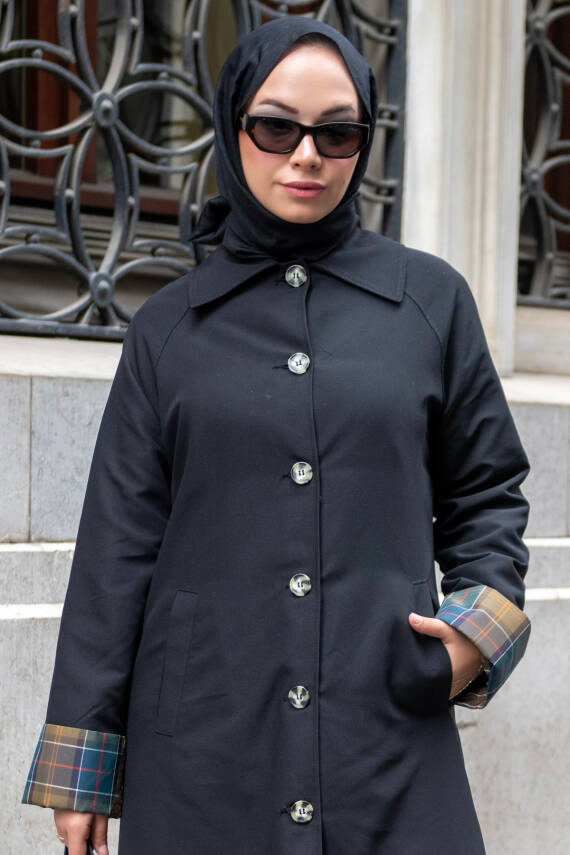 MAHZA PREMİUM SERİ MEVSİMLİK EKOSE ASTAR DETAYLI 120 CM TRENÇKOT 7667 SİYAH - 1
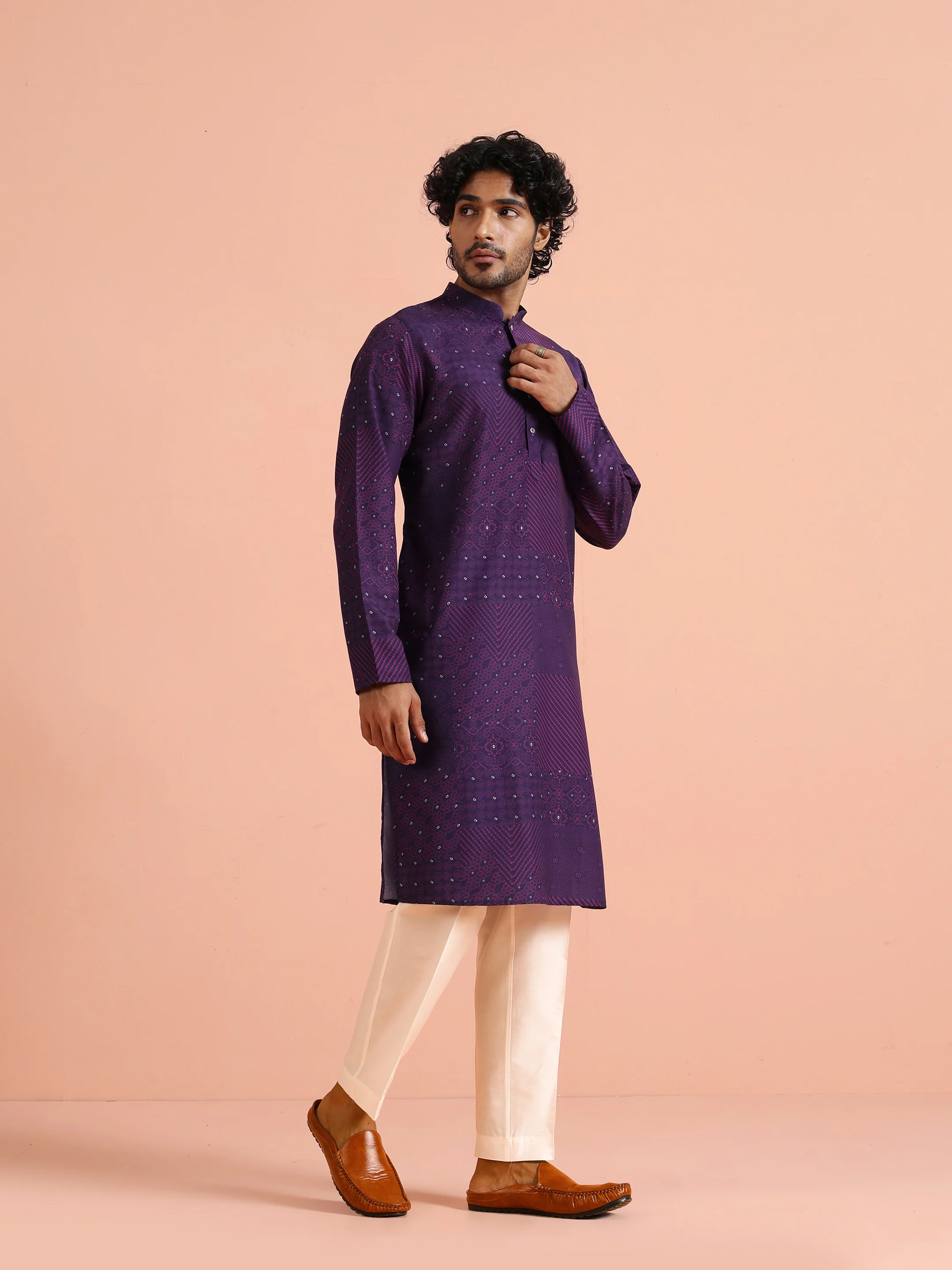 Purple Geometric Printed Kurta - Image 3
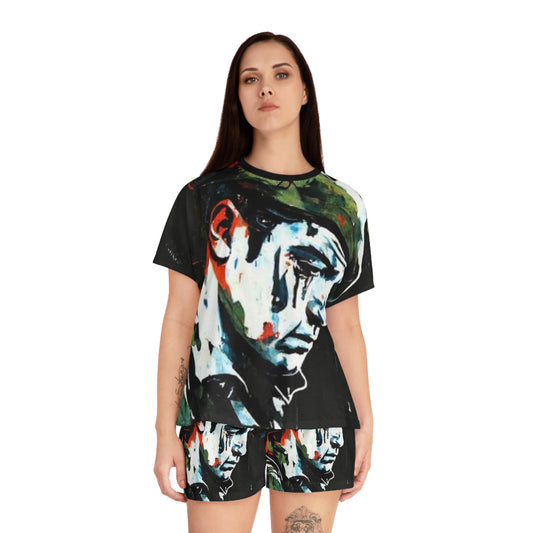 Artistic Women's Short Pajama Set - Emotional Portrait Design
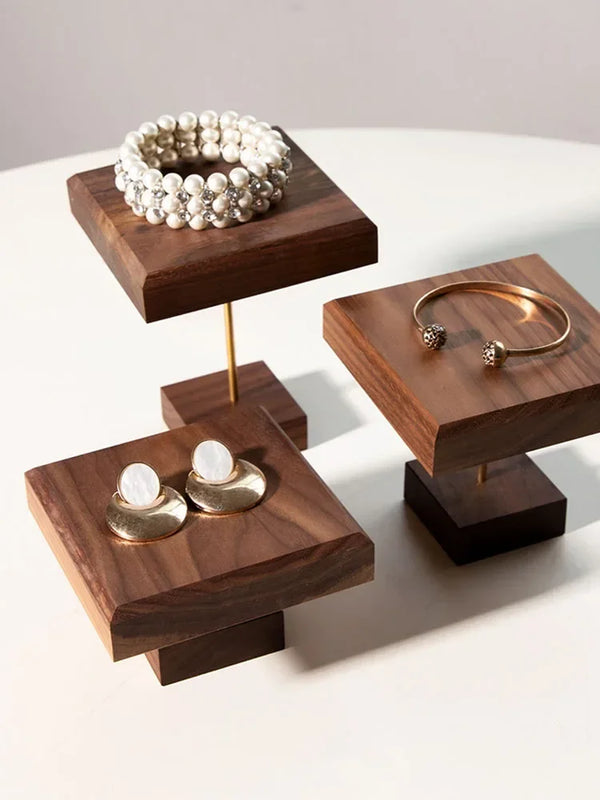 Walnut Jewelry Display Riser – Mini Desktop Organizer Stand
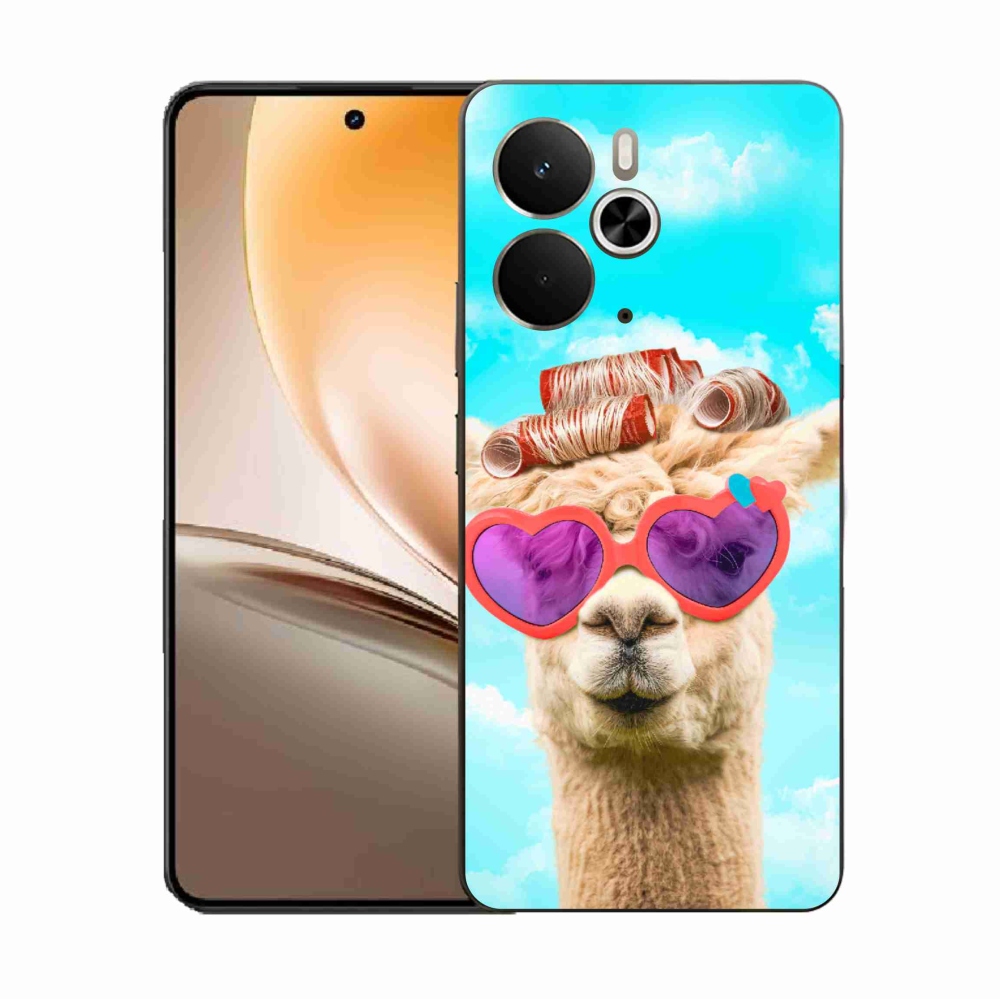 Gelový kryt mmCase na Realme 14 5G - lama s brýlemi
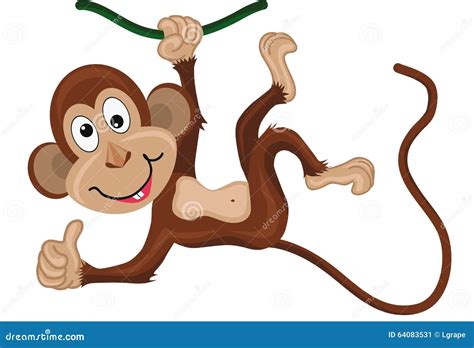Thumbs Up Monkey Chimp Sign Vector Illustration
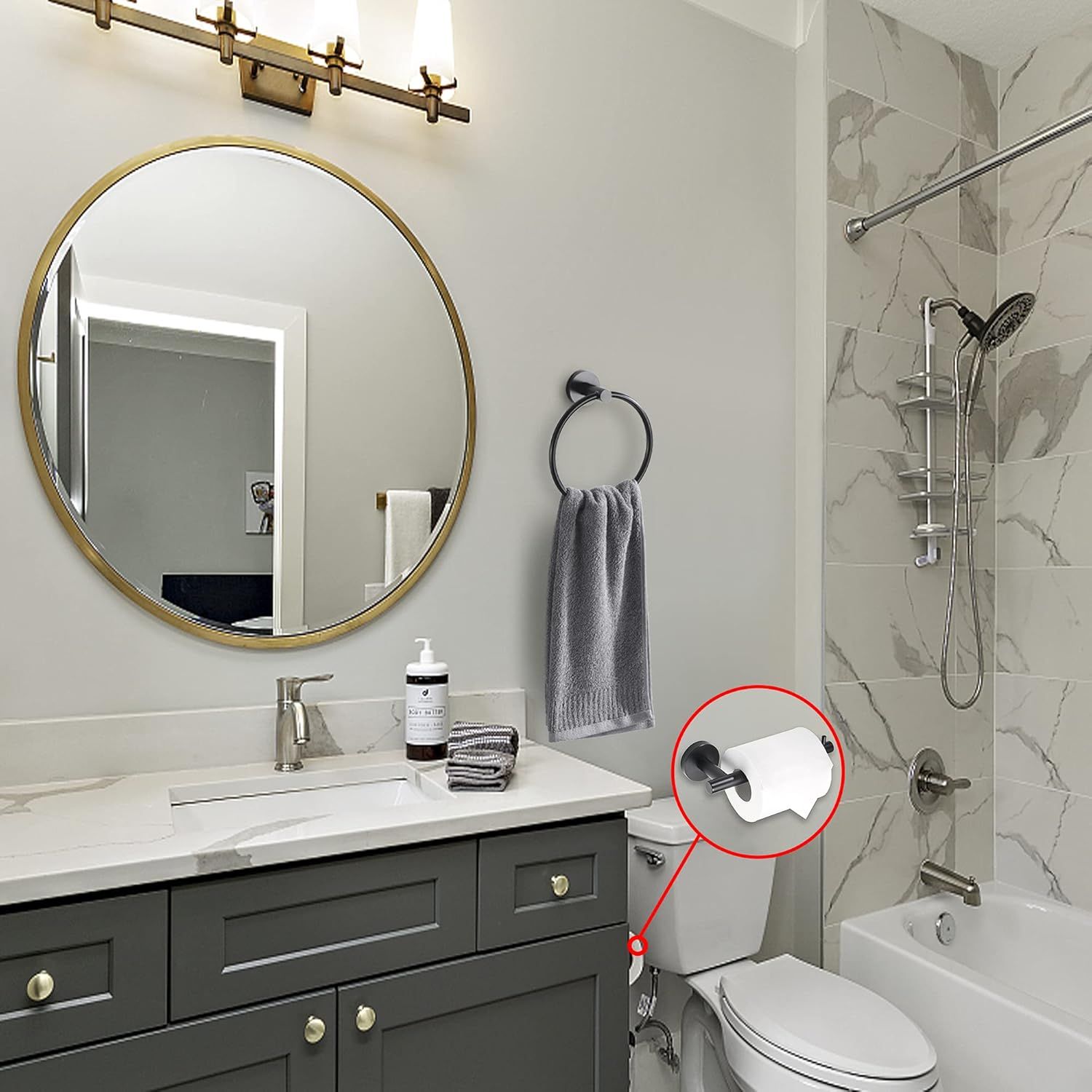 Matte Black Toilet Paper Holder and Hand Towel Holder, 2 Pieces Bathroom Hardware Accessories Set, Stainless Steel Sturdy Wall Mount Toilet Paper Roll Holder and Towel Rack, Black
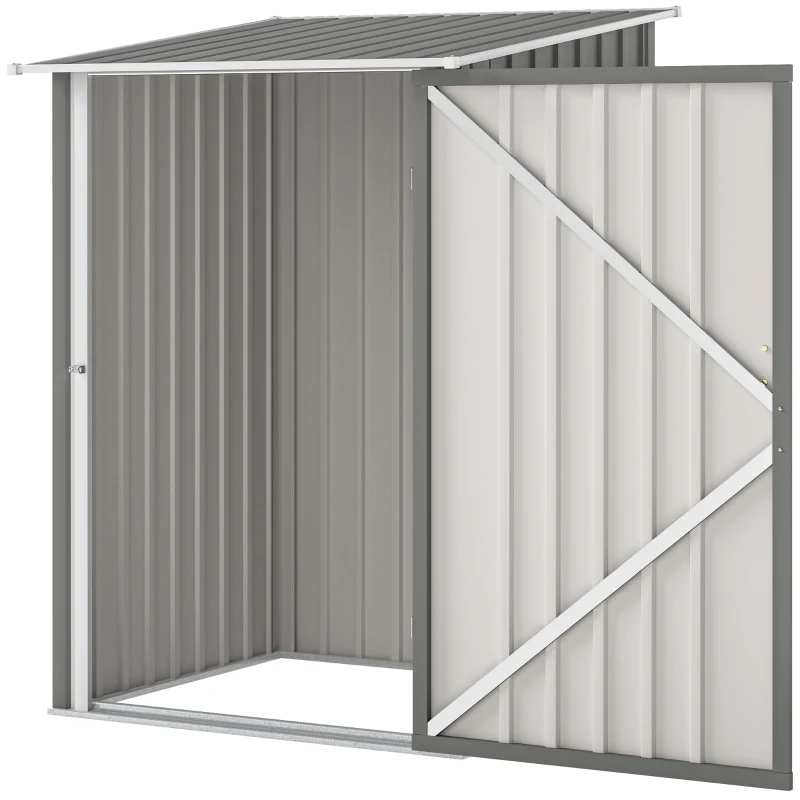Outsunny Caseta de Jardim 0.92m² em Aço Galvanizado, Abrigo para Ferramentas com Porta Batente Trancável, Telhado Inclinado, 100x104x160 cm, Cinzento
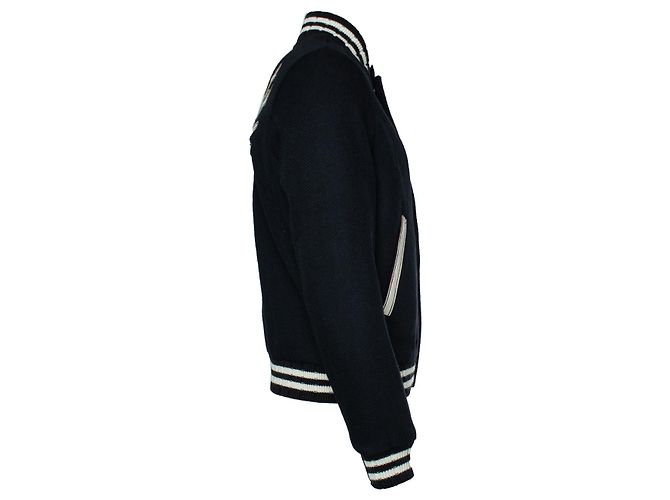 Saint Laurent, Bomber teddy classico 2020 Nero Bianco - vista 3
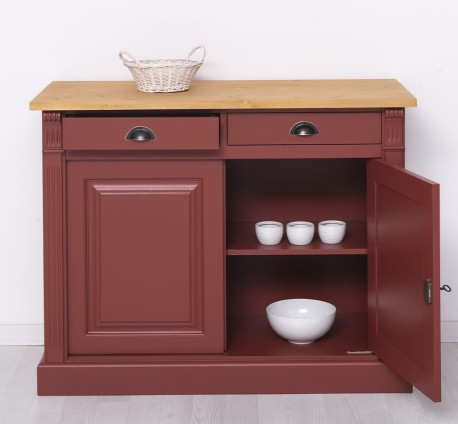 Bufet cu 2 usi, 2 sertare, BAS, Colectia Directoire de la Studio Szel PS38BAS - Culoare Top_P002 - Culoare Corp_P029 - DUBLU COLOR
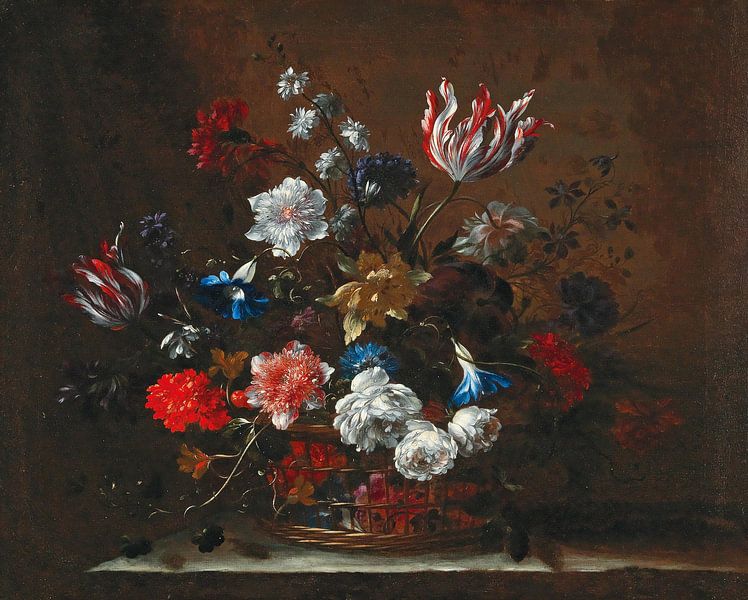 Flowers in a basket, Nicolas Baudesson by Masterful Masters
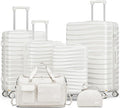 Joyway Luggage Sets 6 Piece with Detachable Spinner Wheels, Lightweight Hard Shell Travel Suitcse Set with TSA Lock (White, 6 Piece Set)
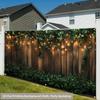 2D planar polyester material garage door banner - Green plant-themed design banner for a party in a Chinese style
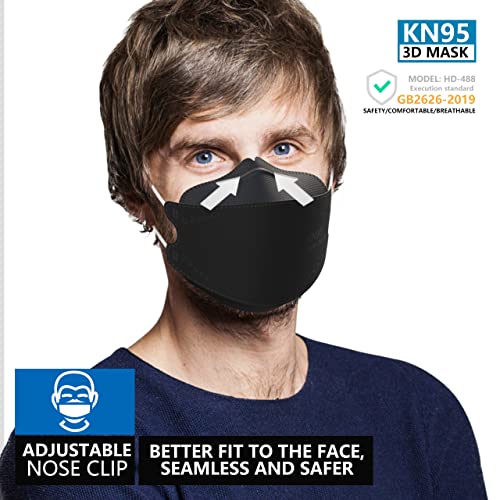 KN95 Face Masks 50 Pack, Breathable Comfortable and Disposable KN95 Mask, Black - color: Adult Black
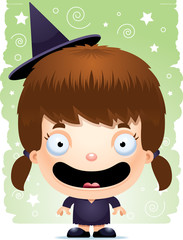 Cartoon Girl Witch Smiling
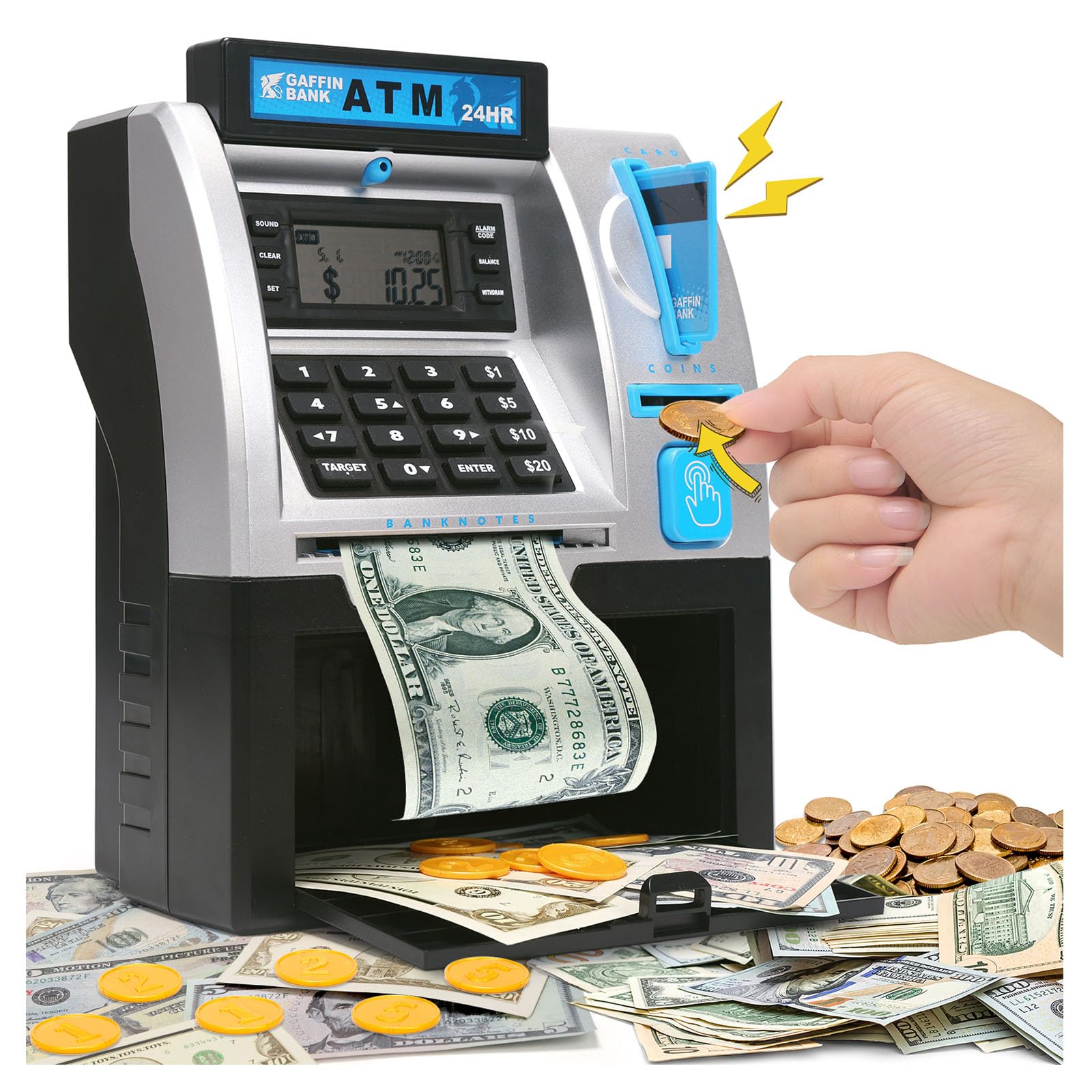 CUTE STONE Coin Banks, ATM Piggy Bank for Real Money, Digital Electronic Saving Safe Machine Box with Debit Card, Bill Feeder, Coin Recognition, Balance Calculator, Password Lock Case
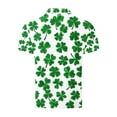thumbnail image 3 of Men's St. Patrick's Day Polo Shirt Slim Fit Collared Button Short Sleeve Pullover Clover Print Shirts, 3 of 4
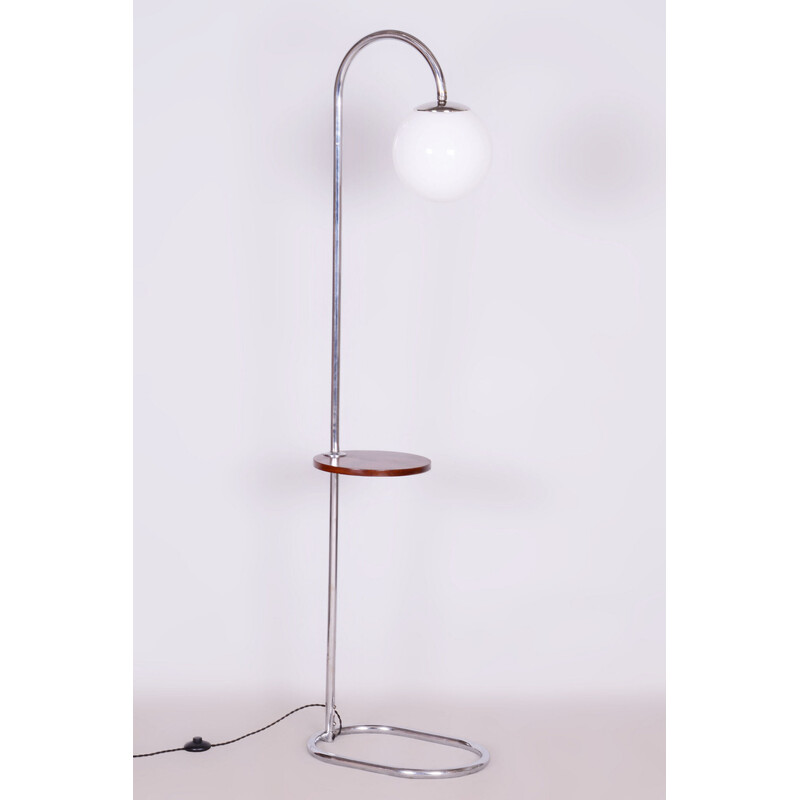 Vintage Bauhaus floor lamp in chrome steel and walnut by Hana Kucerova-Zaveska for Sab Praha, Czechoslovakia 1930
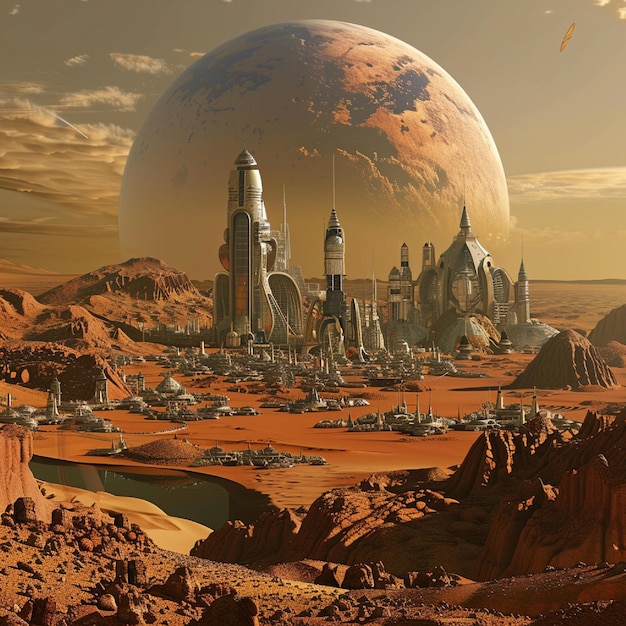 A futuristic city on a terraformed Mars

######

▸ **Work request**
Up to and including the line with "Flowers in a", copy the data above from its first line. Skip pictures.

▸ **Output for this task**
 MAHZA PREMİUM SERİ MEVSİMLİK EKOSE ASTAR DETAYLI 120 CM TRENÇKOT 7667 SİYAH - 1
 Purple Geometric Printed Kurta - Image 3
 Artistic Women's Short Pajama Set - Emotional Portrait Design
 Walnut Jewelry Display Riser – Mini Desktop Organizer Stand
 Gelový kryt mmCase na Realme 14 5G - lama s brýlemi
Thumbs Up Monkey Chimp Sign Vector Illustration
 Matte Black Toilet Paper Holder and Hand Towel Holder, 2 Pieces Bathroom Hardware Accessories Set, Stainless Steel Sturdy Wall Mount Toilet Paper Roll Holder and Towel Rack, Black
Outsunny Caseta de Jardim 0.92m² em Aço Galvanizado, Abrigo para Ferramentas com Porta Batente Trancável, Telhado Inclinado, 100x104x160 cm, Cinzento
 Saint Laurent, Bomber teddy classico 2020 Nero Bianco - vista 3
 Bufet cu 2 usi, 2 sertare, BAS, Colectia Directoire de la Studio Szel PS38BAS - Culoare Top_P002 - Culoare Corp_P029 - DUBLU COLOR
 Flowers in a basket, Nicolas Baudesson by Masterful Masters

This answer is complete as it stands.